**** Data to process ****
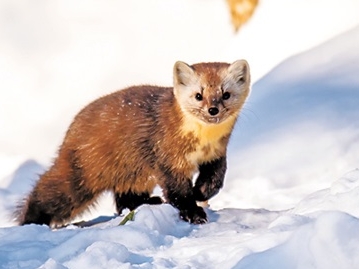 국가1급 야생동물 담비, 류하현에 등장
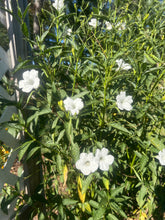 Load image into Gallery viewer, Ruellia malacosperma softseed Wild Petunia alba Pint Plant Southern Flower Garden Southern Flower Garden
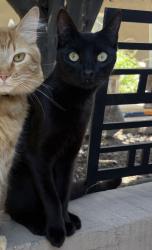Reunited Male Cat last seen Juniper St & Amaranth Ln, Nipomo, CA 93444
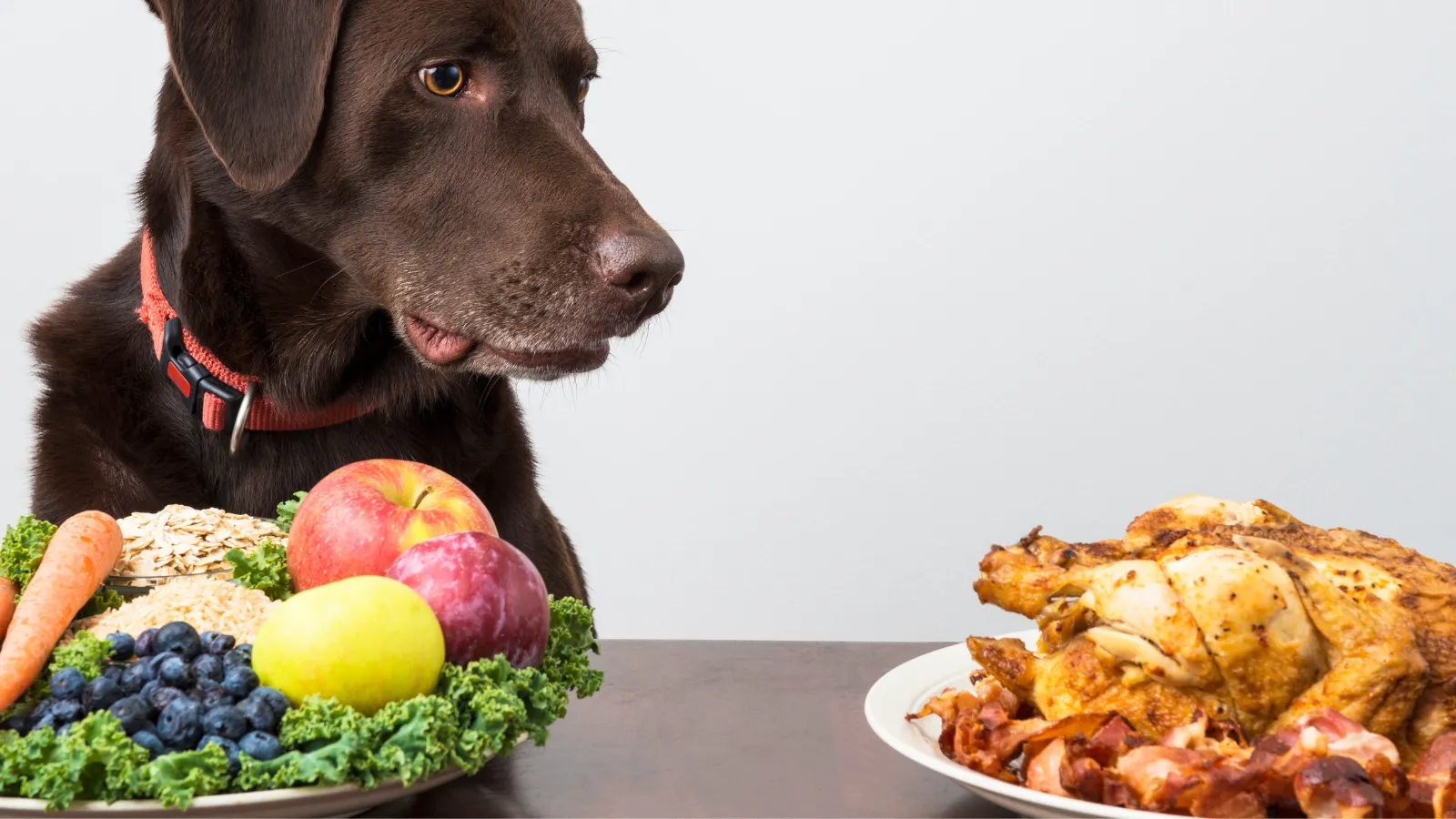 Top 5 Thanksgiving Dog-Friendly Recipes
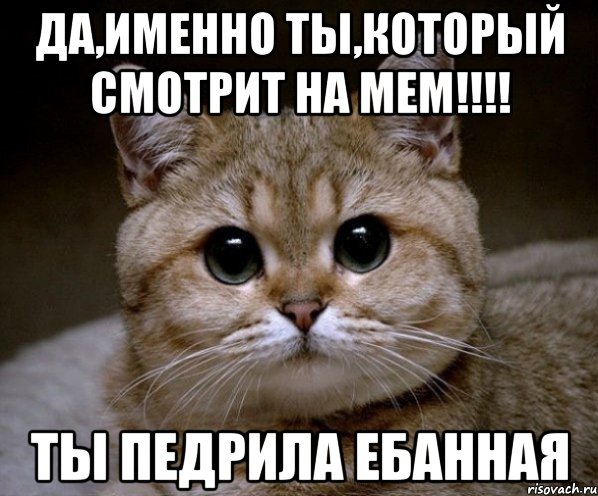 да,именно ты,который смотрит на мем!!! ты педрила ебанная, Мем Пидрила Ебаная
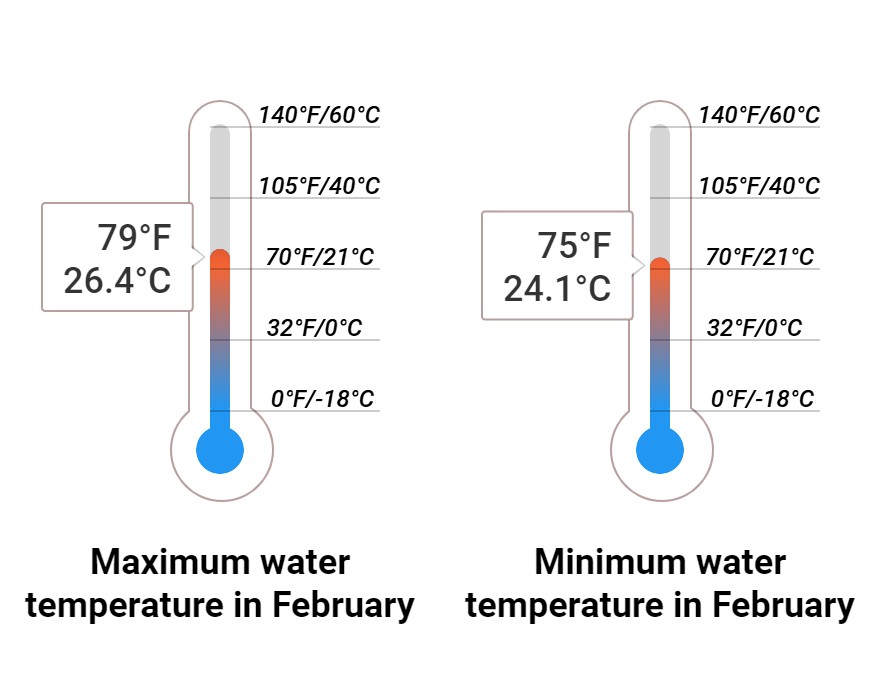 What to do in February in Cancun, Mexico 2025 Winter Sun Expert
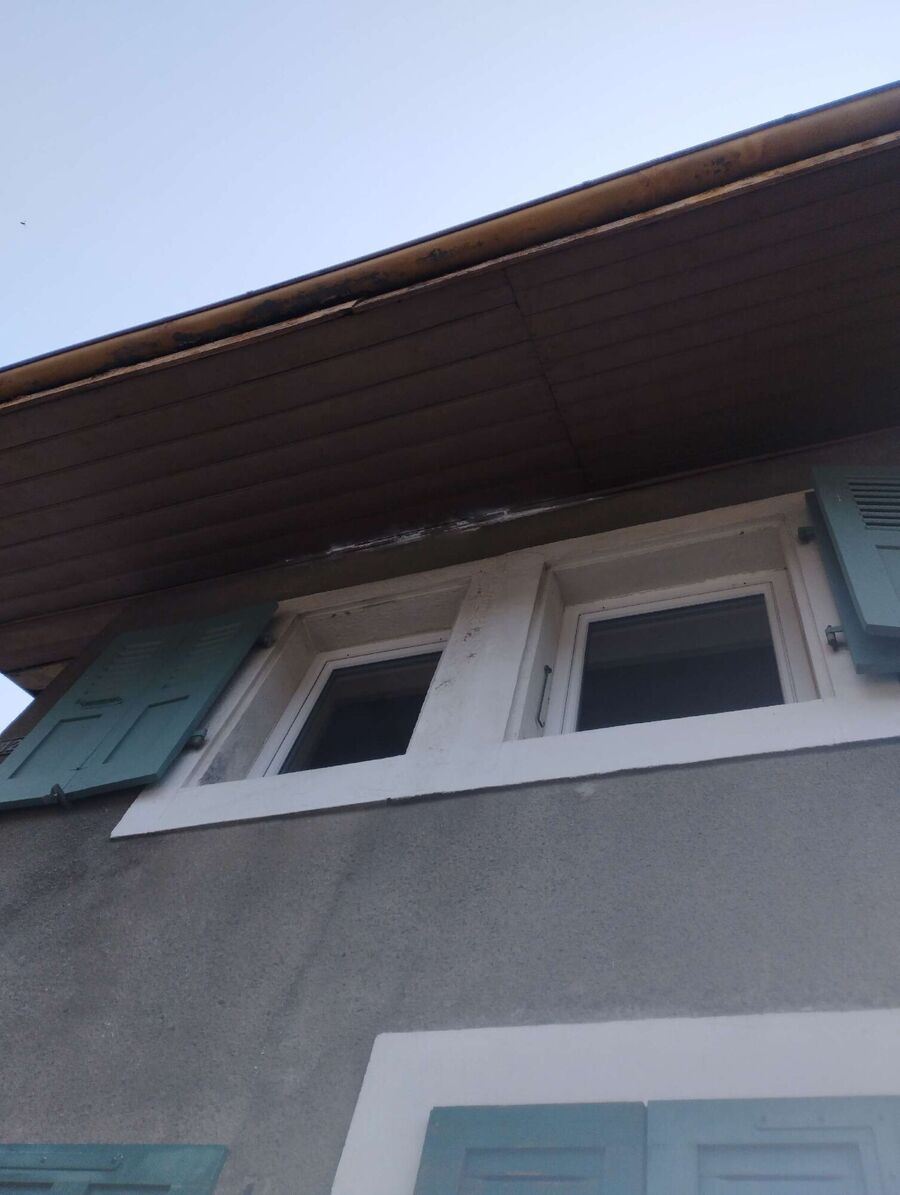  Bienennest entfernen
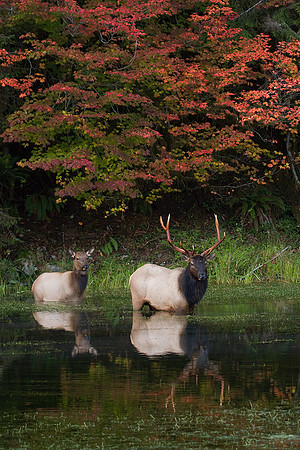 Roosevelt Elk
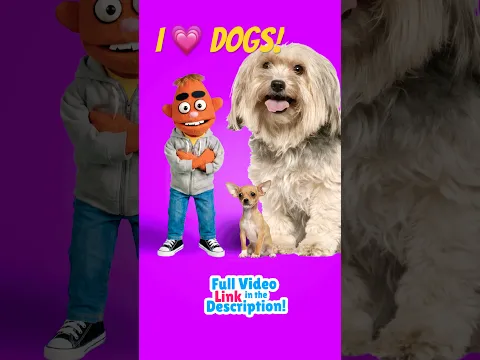 I Love Dogs 🐶 ❤️ | Animal Songs for Kids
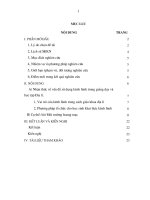 Sáng kiến Ứng dụng công nghệ thông tin để khai thác kênh hình trong dạy học môn địa lý THCS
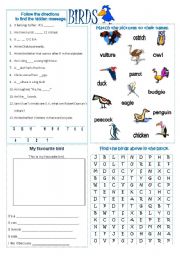 English Worksheet: Types of Animals: Birds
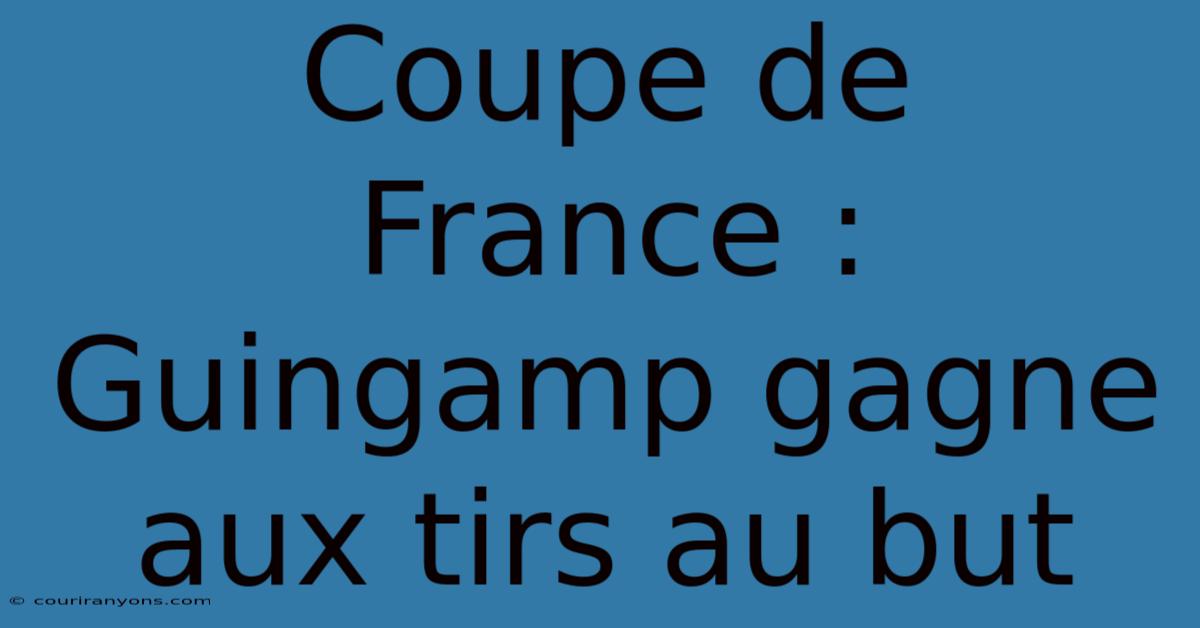 Coupe De France : Guingamp Gagne Aux Tirs Au But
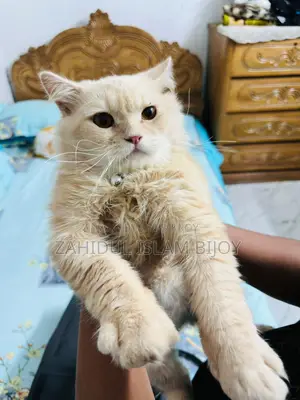 পার্সিয়ান বিড়াল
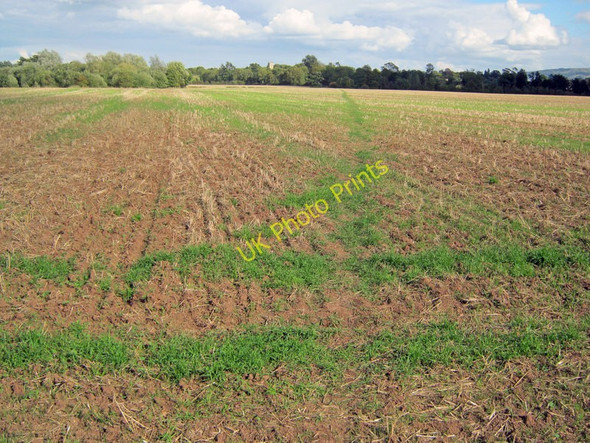 Photo 6"x4" Arable field near High Green High Green\/SO8745 c2010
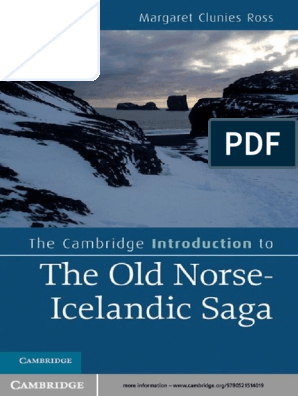  Bjorn Ironside: Viking Warrior eBook : Press, University:  Kindle Store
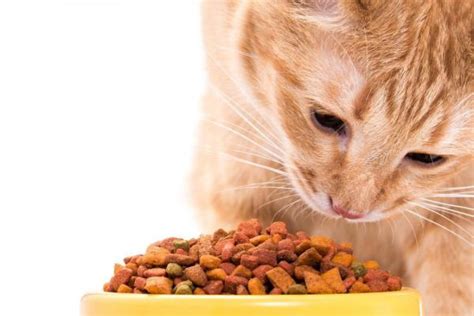Best cat foods for kidney disease. Homemade food for cats with kidney failure | FavCats.com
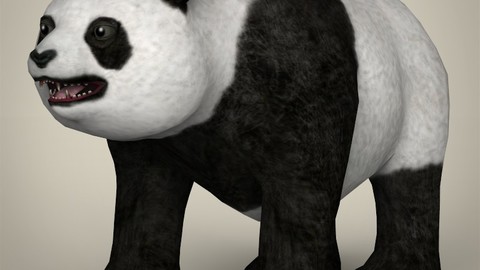 Low Poly Giant Panda 3D Model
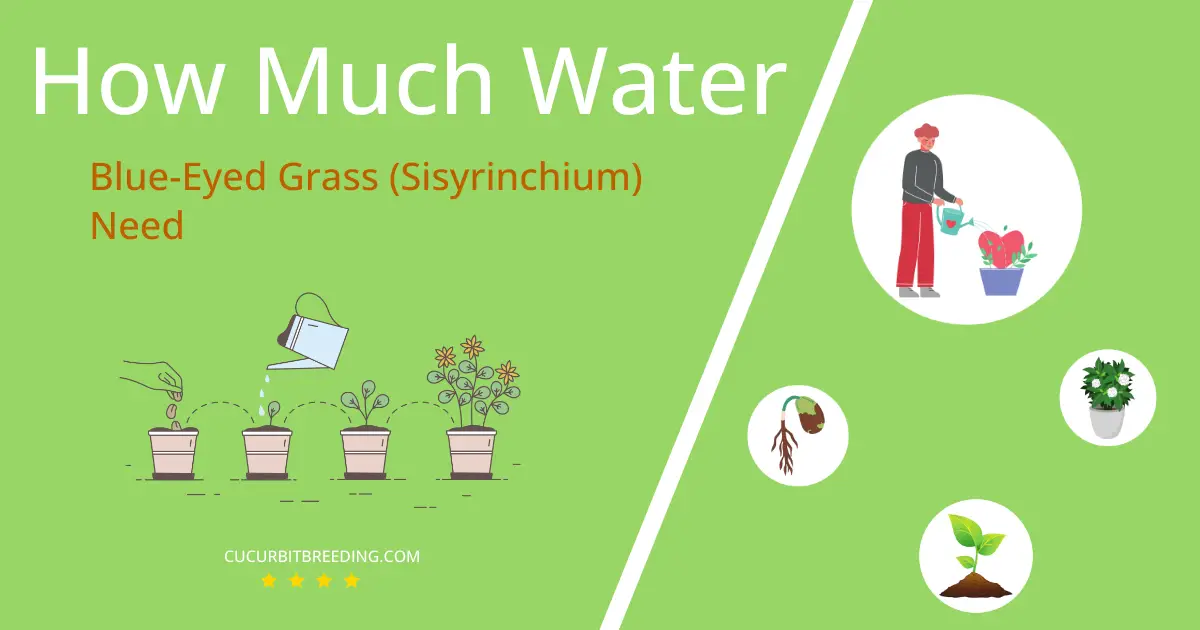 how often to water blue eyed grass sisyrinchium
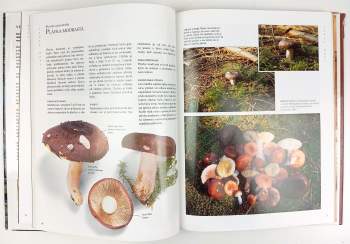 Steven Wheeler: Veľká kniha o hubách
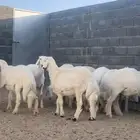 20 خروف شعره وأطراف 6 شهور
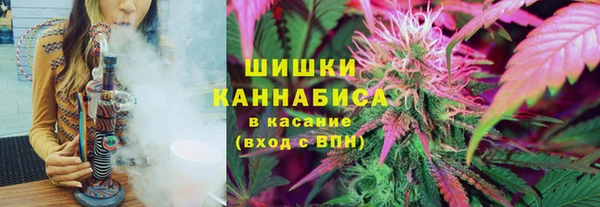 PSILOCYBIN Алексин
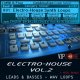 VipZone ElectroHouse Vol.2 - Synth Loops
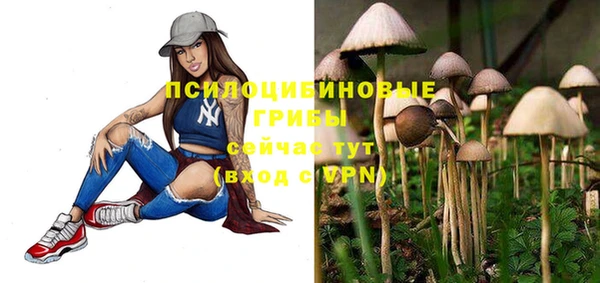 СК Аркадак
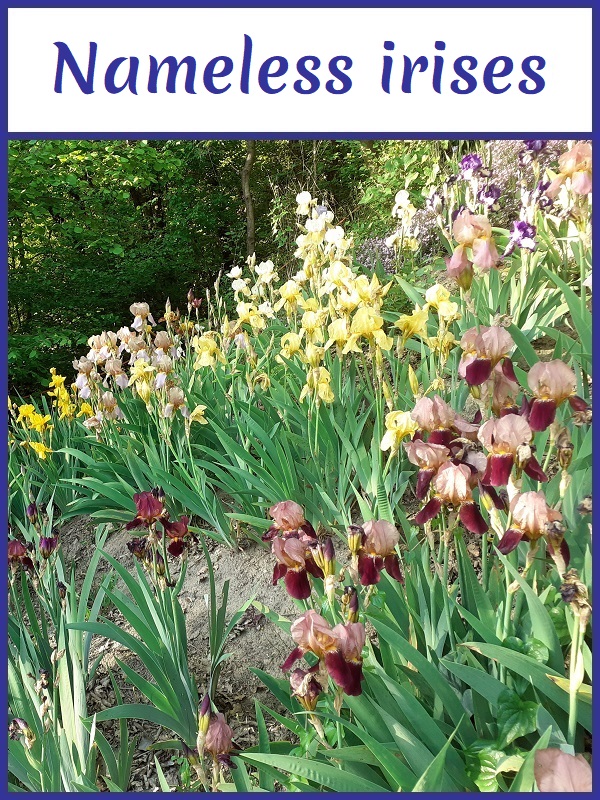 Image with link to nameless irises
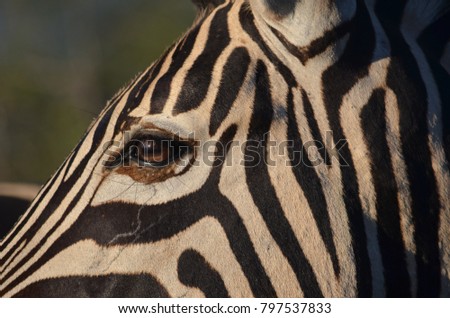 Similar – Image, Stock Photo Zebra eye zebra closeup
****
_Work to be completed_:
Everything above from the line containing "да,именно ты,который смотрит" down to the line containing "how often to" is to be duplicated exactly, both lines included, and the pictures are to be omitted.

_Reply_:
 да,именно ты,который смотрит на мем!!! ты педрила ебанная, Мем Пидрила Ебаная
 What to do in February in Cancun, Mexico 2025 Winter Sun Expert
  Bienennest entfernen
 Roosevelt Elk
 I Love Dogs 🐶 ❤️ | Animal Songs for Kids
 Sáng kiến Ứng dụng công nghệ thông tin để khai thác kênh hình trong dạy học môn địa lý THCS
 English Worksheet: Types of Animals: Birds
 Coupe De France : Guingamp Gagne Aux Tirs Au But
 পার্সিয়ান বিড়াল
 Photo 6"x4" Arable field near High Green High Green\/SO8745 c2010
  Bjorn Ironside: Viking Warrior eBook : Press, University:  Kindle Store
Best cat foods for kidney disease. Homemade food for cats with kidney failure | FavCats.com
 Low Poly Giant Panda 3D Model
 how often to water blue eyed grass sisyrinchium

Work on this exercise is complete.